The SEC’s fraud charges against Goldman Sachs (GS) made the Republican party’s attempt to fight the Dodd bill much tougher.
As of right now, everyone is figuring it’s a done deal, though of course that won’t stop the GOP from trying like heck, especially since Wall Street seems to have switched its allegiance away from the Dems.
Obviously the GOP has a tricky task because of the public’s anti-Wall Street mood.
So the strategy is to paint the Dodd bill as a bill that would perpetuate bailouts. If you go to Sen. Mitch McConnell’s website, most of the speeches and letters he has up attack the Dodd bill on the “no more bailouts” grounds.
But it’s also true that McConnell has recently met with Wall Street moneymen, and so we’ve been trying to figure out how to reconcile the line that the Dodd bill is too pro-Wall Street, with the fact that Wall Street apparently has the ear of McConnell.
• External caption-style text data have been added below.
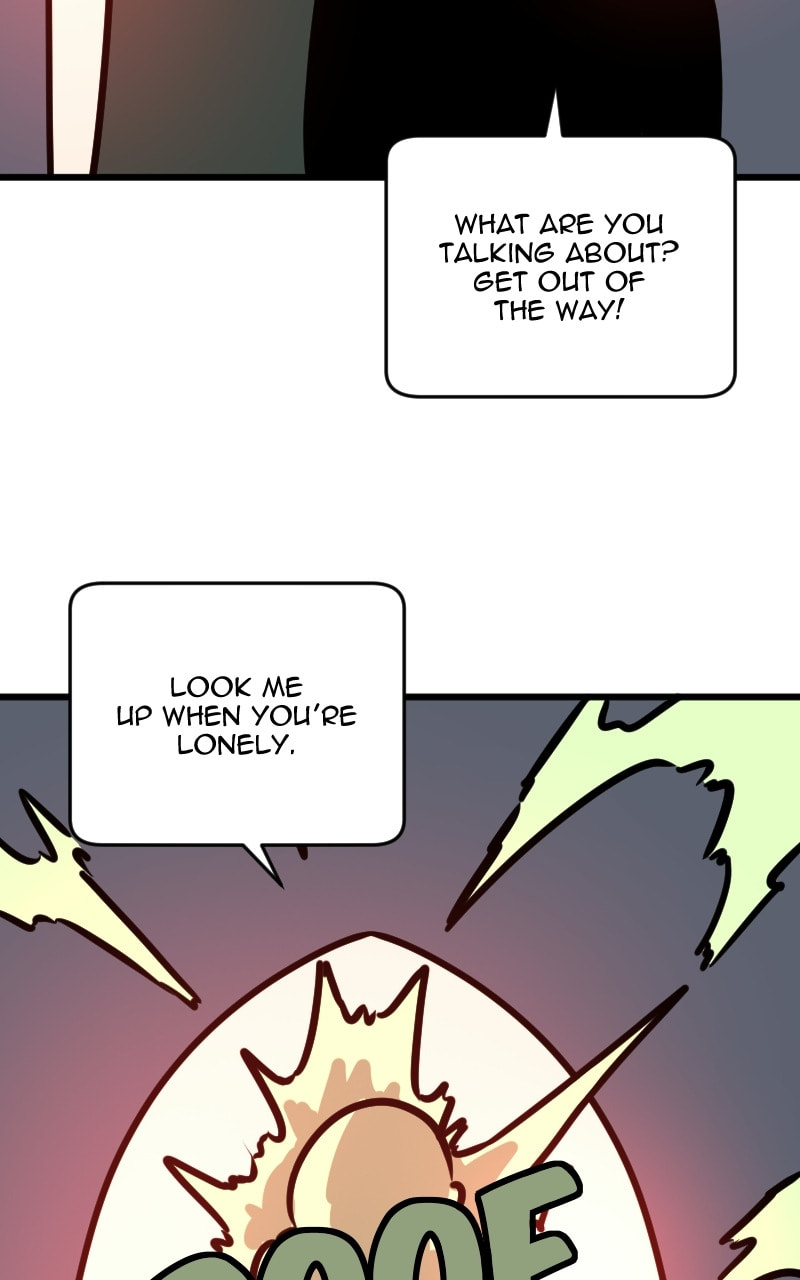 Pentheus Chapter 113 page 45 - 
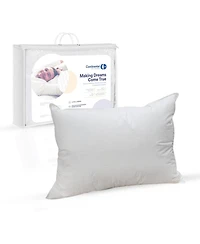 Continental Bedding Down Alternative Pillow for All Sleep Positions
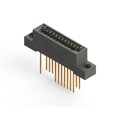 395-024-542-208 - 395 SERIES (.100" (2.54MM) CONTA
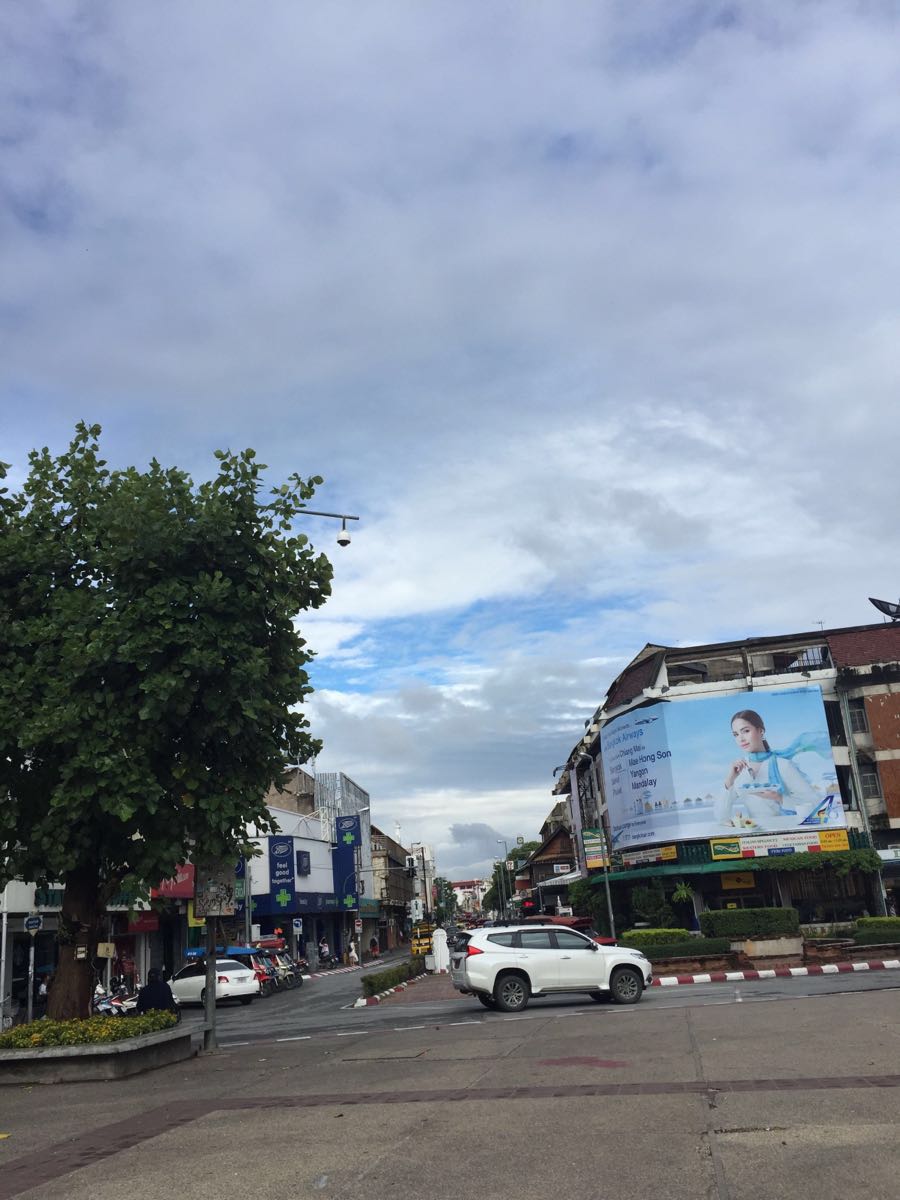 2019塔佩路_旅游攻略_门票_地址_游记点评,清迈旅游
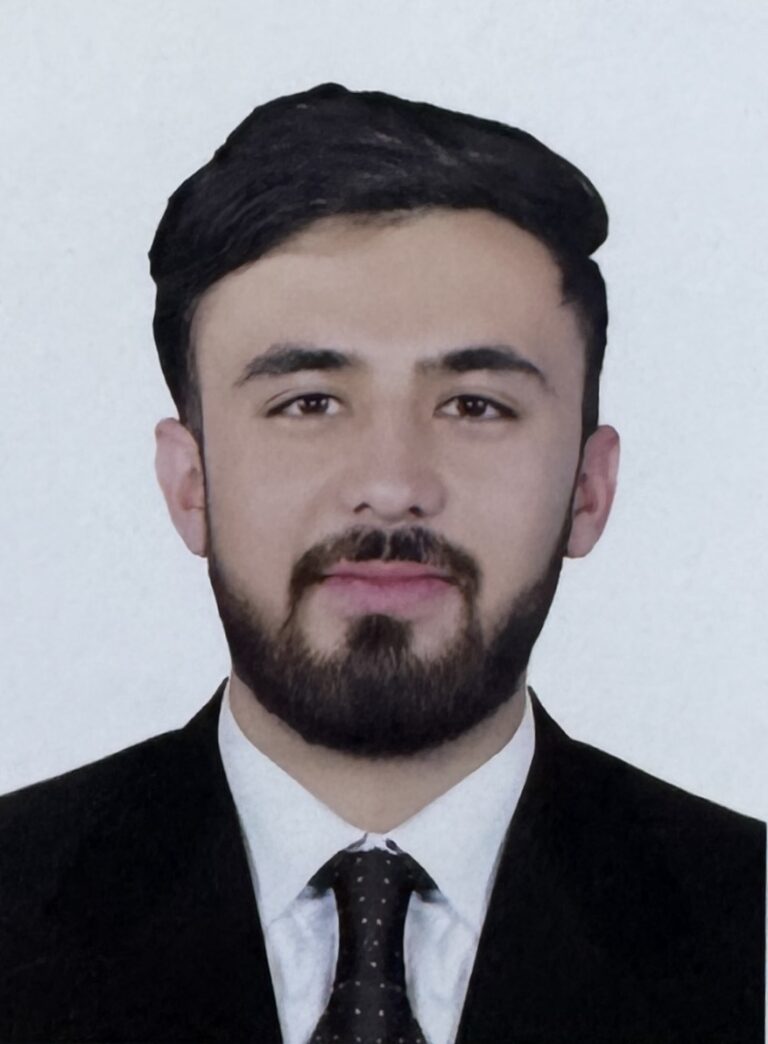 Profilbild von Asad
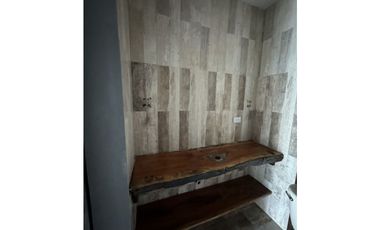 Se alquila local listo para ocupar en San Francisco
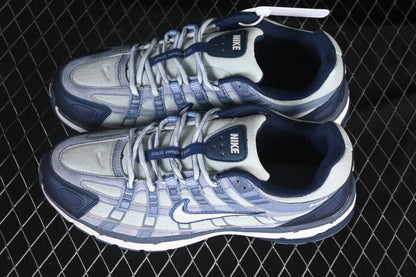 P-6000 SE WORN BLUE/ASHEN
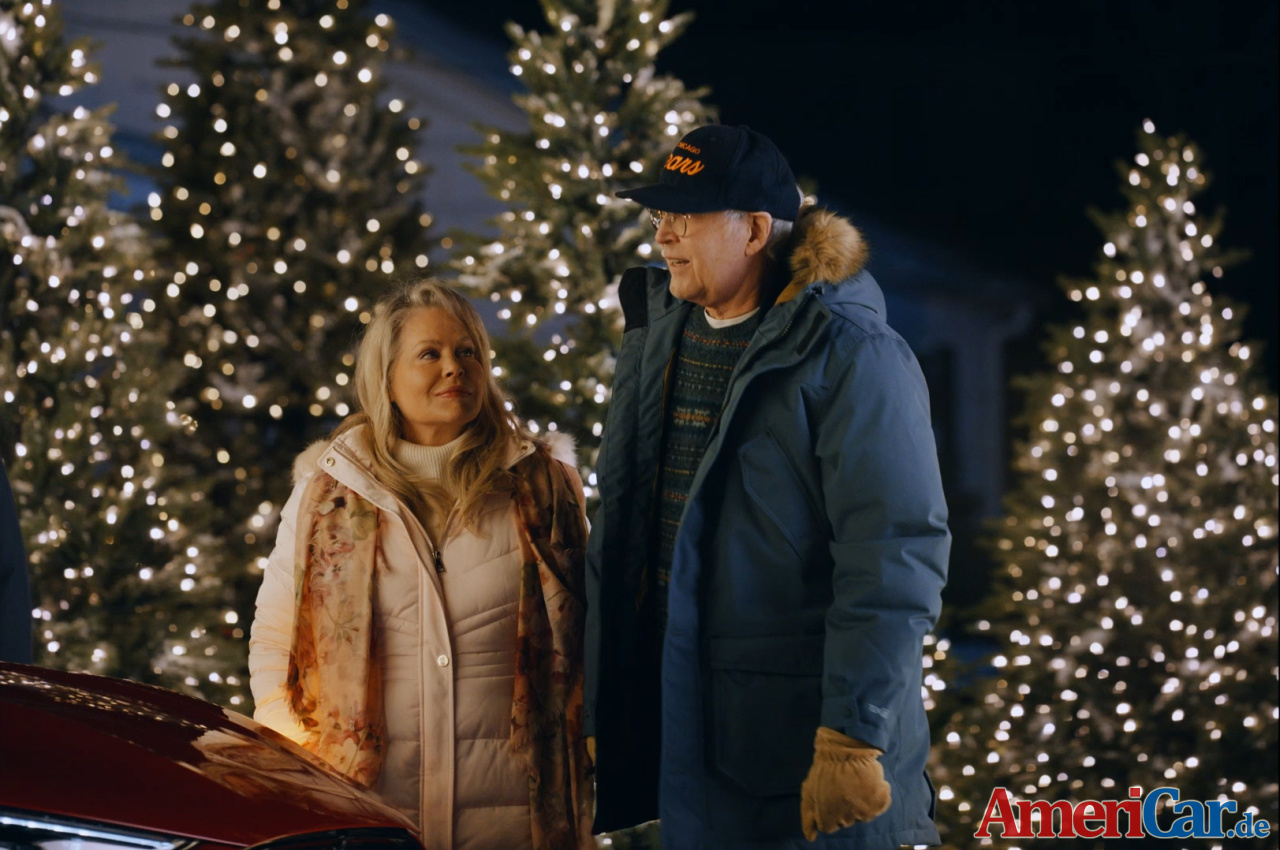 Chevy Chase Weihnachten Im Tv 2022 Schöne Bescherung / National Lampoon's Christmas Vacation Neuer TV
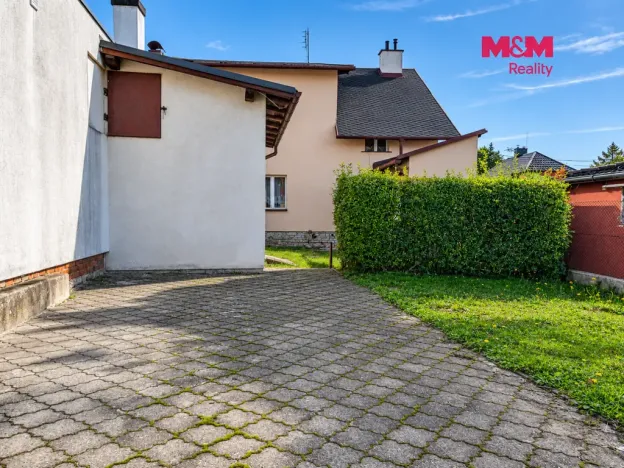 Prodej rodinného domu, Hlučín, Rovniny, 120 m2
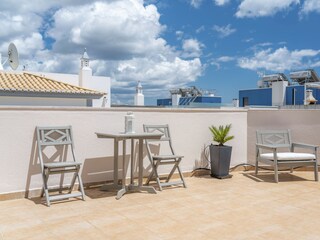 Villa Fuseta Outdoor Recording 12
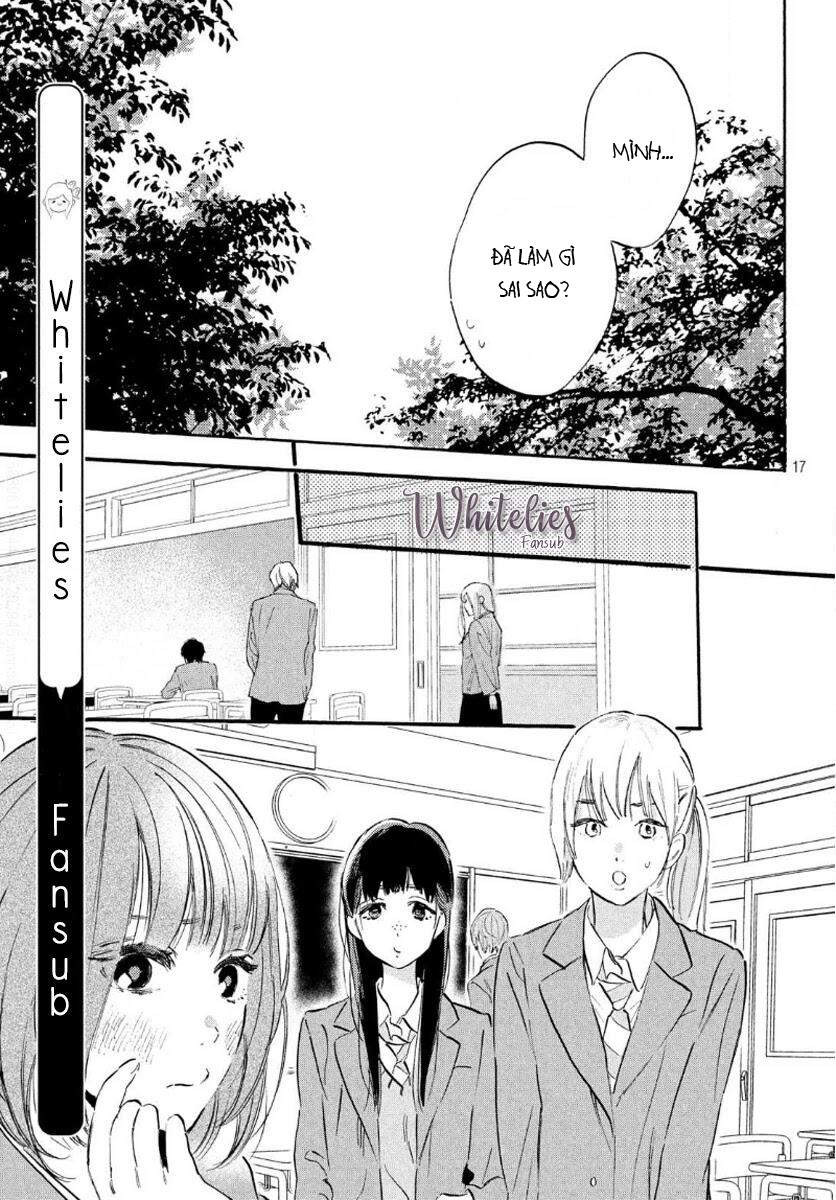 Heroine Hajimemashita Chapter 6 - Trang 2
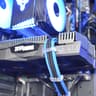 💰❄️| GTX 1660 Ti 6GB | INTEL XEON E5-2670 V3 | 16GB DDR4 RAM | 1TB Storage | Crystal Budget 2.0 |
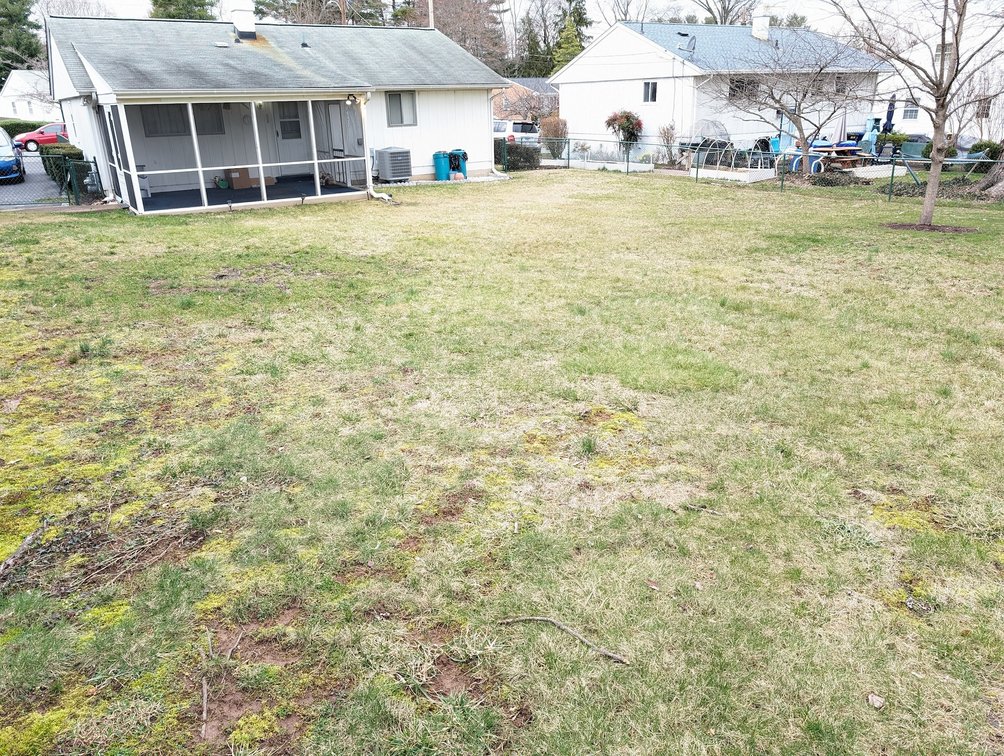 Image for 3 BR/1 BA Home in the Prospect Hills Neighborhood in the Town of Leesburg, VA--SELLING to the HIGHEST BIDDER!!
In trying to figure this out, we stumbled on this article from Charlie Gasparino at Fox Biz written Monday, April 12:
About 25 Wall Street executives, many of them hedge fund managers, sat down for a private meeting Thursday afternoon with two of the most powerful Republican lawmakers in Congress: Senate minority leader Mitch McConnell of Kentucky, and John Cornyn, the senior senator from Texas who runs the National Republican Senatorial Committee, one of the primary fundraising arms of the Republican Party.
The stated topic of the meeting: The Financial reform bill being sponsored by Senator Chris Dodd, the Democrat and chairman of the senate banking committee. Both McConnell and Cornyn listened to numerous complaints the executives have with the bill. These included complaints about provisions that allow the government to continue to prop up financial institutions that are “too big to fail.”
Something just doesn’t add up here.
Are we really to believe that McConnell and Cornyn met with Wall Street, heard numerous complaints, and the most notable one from these Wall Streeters was that there were ‘provisions that allow the government to continue to prop up financial institutions that are “too big to fail.‘
Seriously, that’s what the Wall Streeters were complaining about?!
Obviously the meeting took place, and Gasparino does say that the complaints were numerous (i.e. the TBTF lien wasn’t the only complaint). But it still seems implausible that that was the main one that they brought up.
Any help in understanding this would be appreciated.